印度尼西亚:地震遇难人数超过800,还会上升
Indonesia's President Jokowi Widodo has authorized the acceptance of international help related to the earthquake and tsunami that hit the central island of Sulawesi.
Chair of Indonesia's Investment Coordinating Board Thomas Lembong made the announcement in a tweet Monday morning.
There were 844 confirmed deaths by early Monday, with the city of Palu on Sulawesi the hardest hit.
Indonesian officials say they fear the death toll from Friday's earthquake and tsunami could soar into the thousands when rescuers are able to get to remote areas.
The airport is barely functioning, most power plants have been knocked off-line, and roads are shattered and twisted.
Touring Palu Sunday, Indonesian President Joko Widodo said one of the immediate needs is to bring in the heavy equipment needed to move large pieces of rubble.

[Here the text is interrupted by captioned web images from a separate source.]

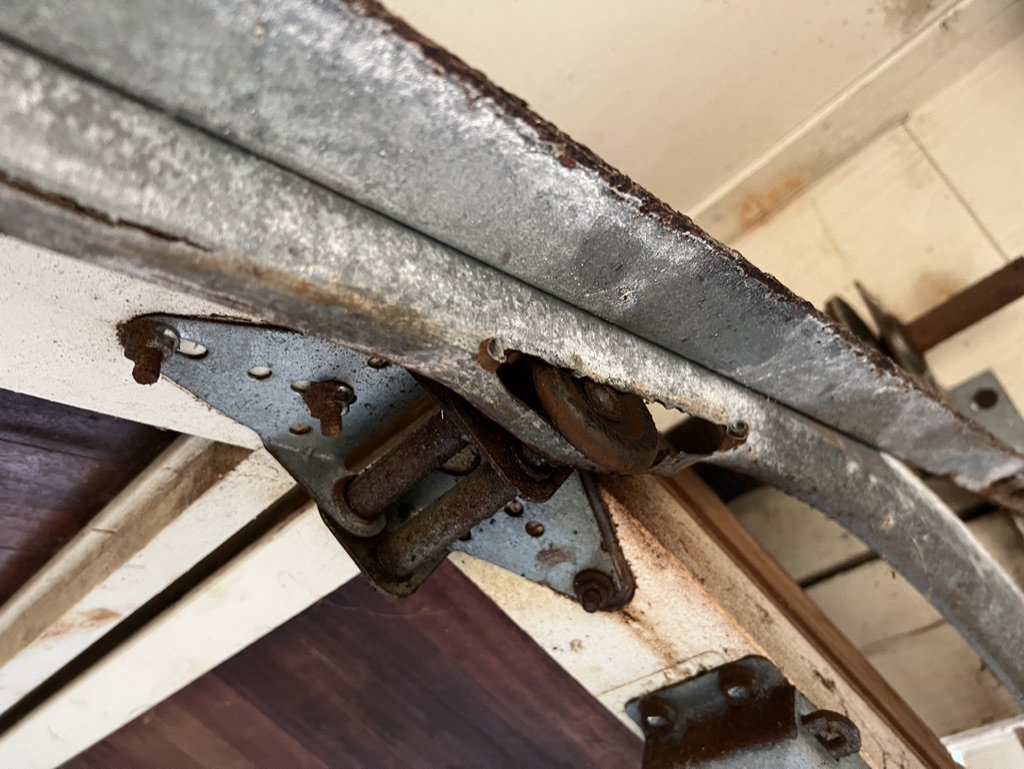 A close-up of a rusty garage door hinge and roller, indicating a need for repair by On Track Garage Doors in Charleston, SC.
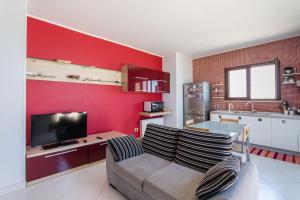 a living room with a couch and a red wall at Terrazza Sul Mare in Trapani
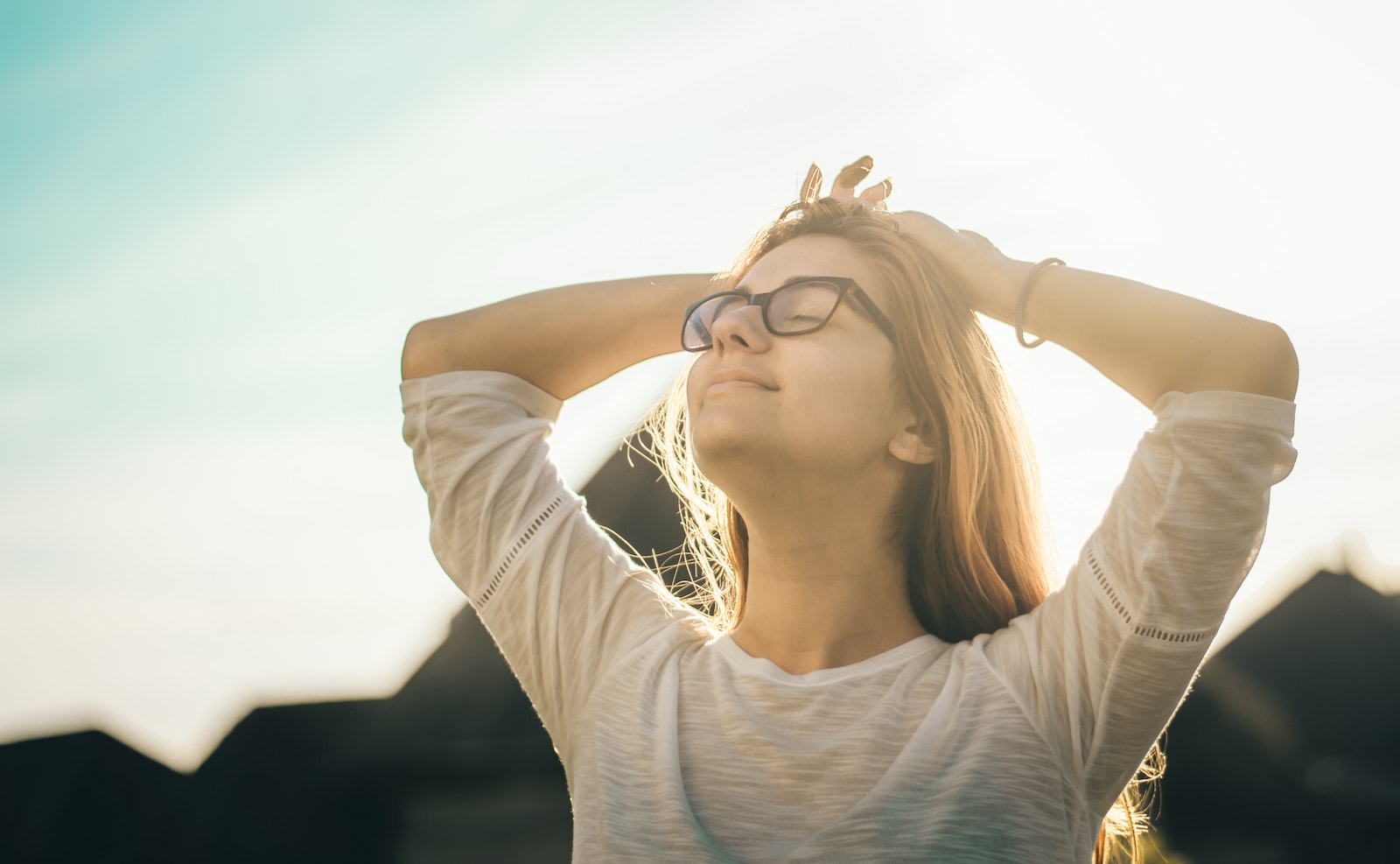 Woman Holding Her Head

"We didn't expect it to be like this. So we hope and pray for the communities and be patient," he told disaster victims. "We know that there are a lot of things to do urgently, but the condition is not now possible."
He told soldiers deployed to the area to be ready to work nonstop.
Television pictures from Palu show buildings, cars and trees pushed together to form mounds of wreckage.
The 7.5-magnitude quake triggered a huge tsunami with waves as high as 6 meters, which inundated the cities of Palu and Donggala.
Authorities say hundreds of people were on the beach in Palu for a festival when the earthquake and tsunami struck, sweeping many away to their deaths when the giant waves arrived.
Indonesia and its 18,000 islands are located along the Pacific Ocean's "Ring of Fire" and are frequently struck by earthquake, volcano and tsunami activity.
A 9.1-magnitude quake in 2004 off Sumatra and subsequent tsunami killed about 230,000 people in 14 Pacific countries, with about half of those deaths occurring in Indonesia.